Summer convinced the Covid case numbers to drop and Winter semester 2021 began in person much to the delight of students and teachers – even though it would no longer be possible to email and converse with family and friends while sitting in class or to bake bread at the same time that one was teaching. Also missing, sadly, were the pleasures of humorous conversations in private chats while on Zoom meetings.
The Institute hosted one international symposium in 2021. Imagined and organized by Babak Nikzat and Sarah Weiss, the Rethinking Musical Mode symposium was a fully hybrid event, with keynote speakers located in Iran, Prof. Hooman Asadi, and USA, Prof. Sumarsam and attended by people from more than 20 countries as well as an audience of more than 50 different people in the Kleiner Saal over the two-day event. As part of the Mode Symposium a live concert performed by former institute student Sina Shaari and his father Masoud Shaari was presented and a workshop on improvisation was offered by Negar Booban, who also gave a talk at the symposium.
The Institute welcomed a new postdoctoral researcher this year. Dr. Felix Morgenstern won two years of FWF funding for his project entitled: ‘Irish Folk in Austria: Evading national Identity.’
As we in Graz recovered the opportunity to host and attend live events, several members of the Institute participated in the now annual folk.art Festival Graz. Sarah Weiss gave the inaugural talk entitled: ‘Weltmusik: Was, Wo, und Wann in der Welt ist Sie??‘ and Magdalena Maria Wolf and Bernadette Planner hosted an event entitled: Tradition(en).
A number of Institute students completed their projects and graduated. Those receiving their MAs include Moamer Hadzic, Teresa Seiwald, Siavash Moazzami Vahid and those receiving their BAs were Karoline Krasser and Paul Probst. In addition, several students received awards. PhD student Dora Dunatov won the Doctoral School’s Best Practice Award at the June 2021 Doctoral Forum and Talieh Attarzadeh won the 2021 Genderprize from the Center for Gender Studies at KUG. Congratulations to all.

Over the course of 2021, a number of significant events connected to Institute personnel took place. In what was a very busy week just before the start of the teaching semester, on 29 September 2021, Ass. Prof Kendra Stepputat submitted her Habilitation thesis; on 30 September 2021, Prof. Gerd Grupe officially retired as Professor of the Institute; and on 1 October 2021, Sarah Weiss officially became the new Professor of the Institute. As Teresa Seiwald completed her MA she left the Institute and her job as a student assistant. Magdalena Maria Wolf began her work as a student assistant. Kurt Schatz received a position as University Assistant funded by the Doctoral School.

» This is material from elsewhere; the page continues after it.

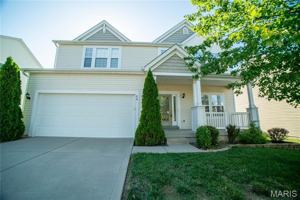 featured image of 84 Brighton Park Dr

In professional contexts outside of KUG: Kendra Stepputat was elected to a three-year term on the Board of the ICTM, her book The Kecak and Cultural Tourism on Bali (University of Rochester Press 2021) appeared, as did the volume she co-edited with Brian Diettrich, Perspectives In Motion - Engaging the Visual in Dance and Music in honor of Adrienne Kaeppler. A hybrid book launch on 12th April 2021 was hosted by East-West center in Hawai’i and included more than 70 participants from around the world, including a greeting from her majesty Queen Nanasipauʻu of Tonga. Sarah Weiss was elected to serve as the Chair of the Austrian National Committee of the ICTM and her book Ritual Soundings: Women Performers and World Religions (University of Illinois Press 2019) was selected for the ICTM Best Book Prize (Honorable Mention).